____ RECORDS FOR THE EXERCISE
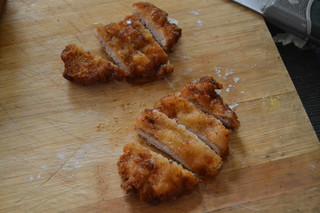 炸<a href=/shicai/rouqin/ZhuPai/index.html target=_blank><u>猪排</u></a>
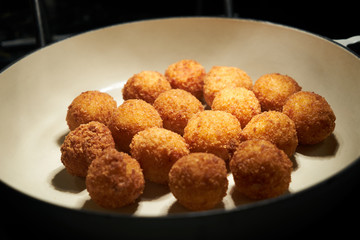 Vegetarian fried falafel chicken balls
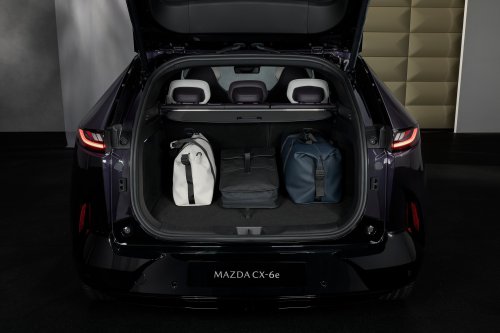 Mazda CX-6e – global EZ-60 is EV-only with 190 PS, 484 km WLTP range, 195 kW DC fast charging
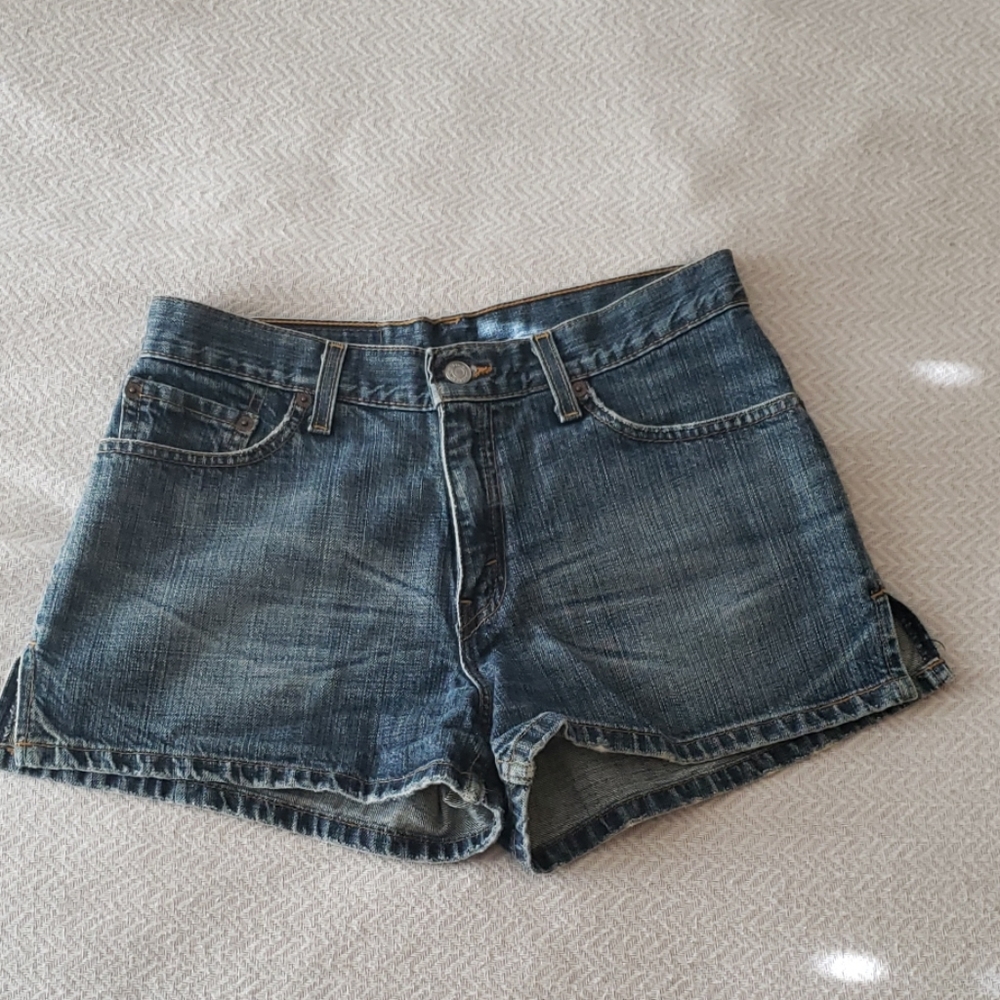 Levi's Size 7 Jean Shorts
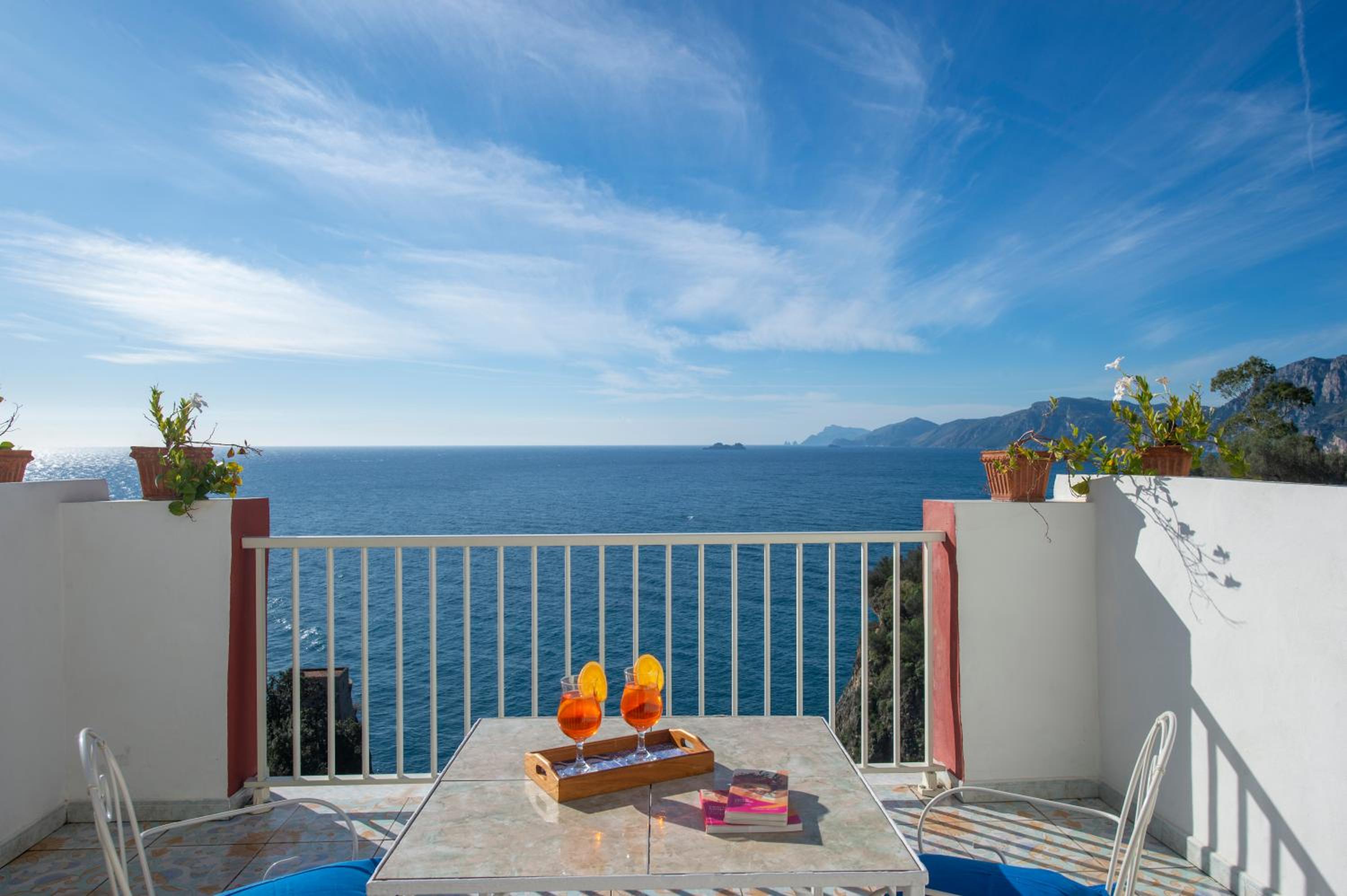 Quadruple Room with Sea View photo 2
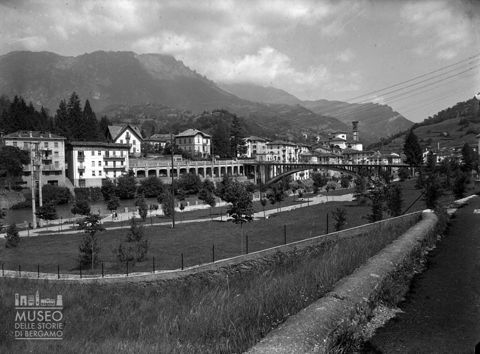 Parco lungo il fiume
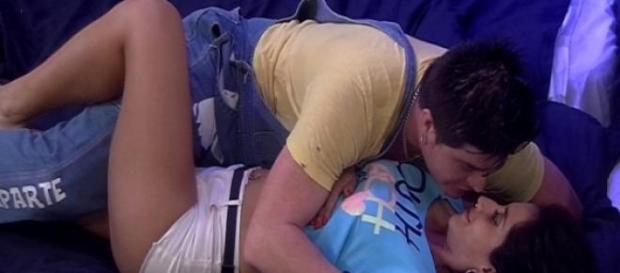 Dos bellas chicas entran en la casa Dos bellas chicas entran en la casa
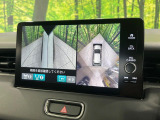 【マルチビューカメラシステム】専用のカメラにより、上から見下ろしたような視点で360度クルマの周囲を確認することができます☆死角部分も確認しやすく、狭い場所での切り返しや駐車もスムーズに行えます。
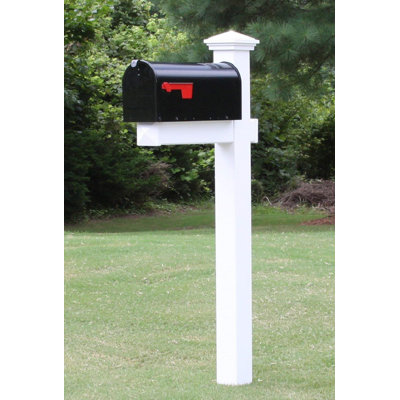 Lincoln Post Mounted Mailbox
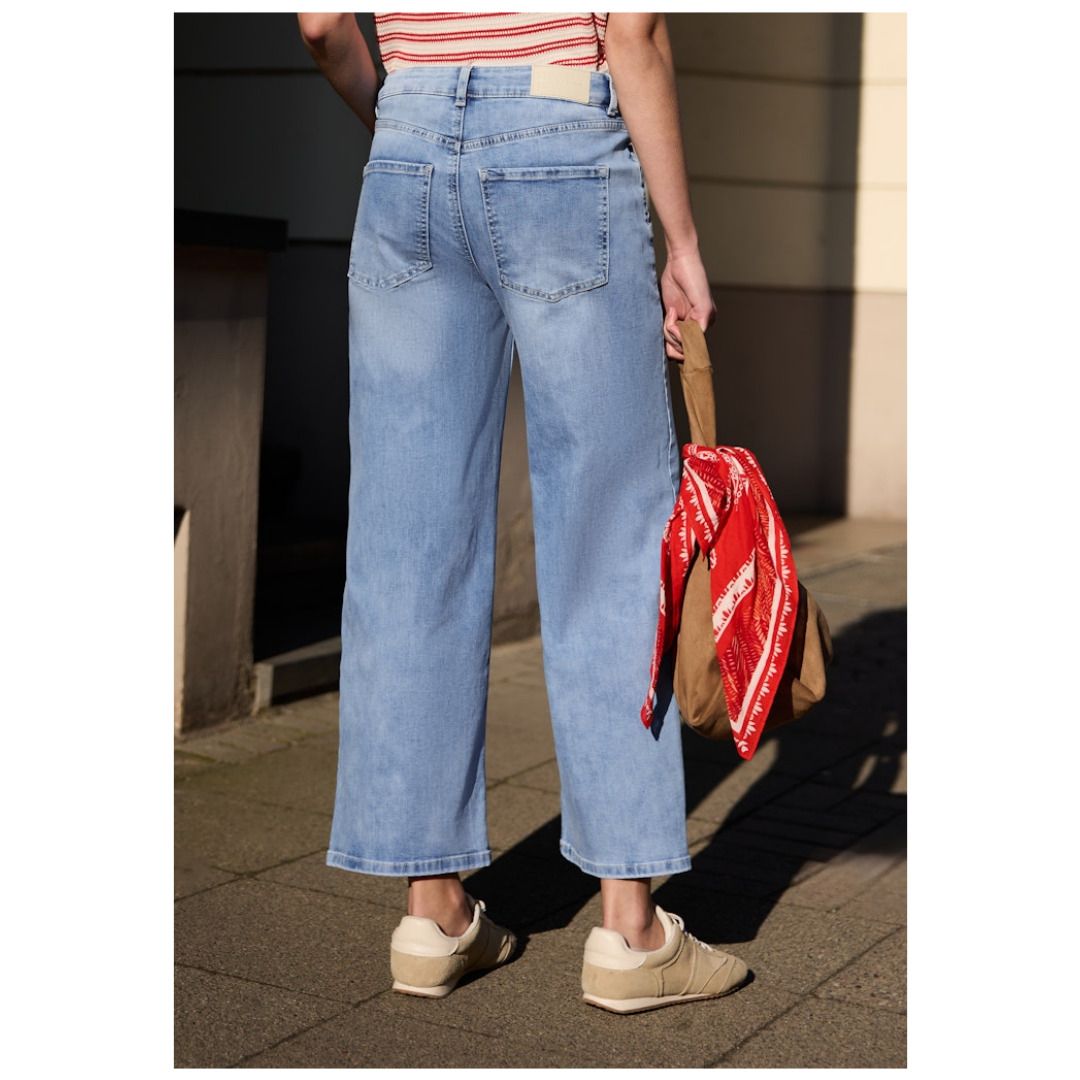 High-Waist Wide-Leg Jeans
________
▸ WHAT TO PRODUCE
Everything from the line containing "Quadruple Room with Sea View photo 2" to the last line of the listing above must be reproduced exactly, with no pictures included.

▸ RESPONSE TO THE TASK
 Quadruple Room with Sea View photo 2
 Parco lungo il fiume
 Dos bellas chicas entran en la casa Dos bellas chicas entran en la casa
 【マルチビューカメラシステム】専用のカメラにより、上から見下ろしたような視点で360度クルマの周囲を確認することができます☆死角部分も確認しやすく、狭い場所での切り返しや駐車もスムーズに行えます。
 Lincoln Post Mounted Mailbox
 High-Waist Wide-Leg Jeans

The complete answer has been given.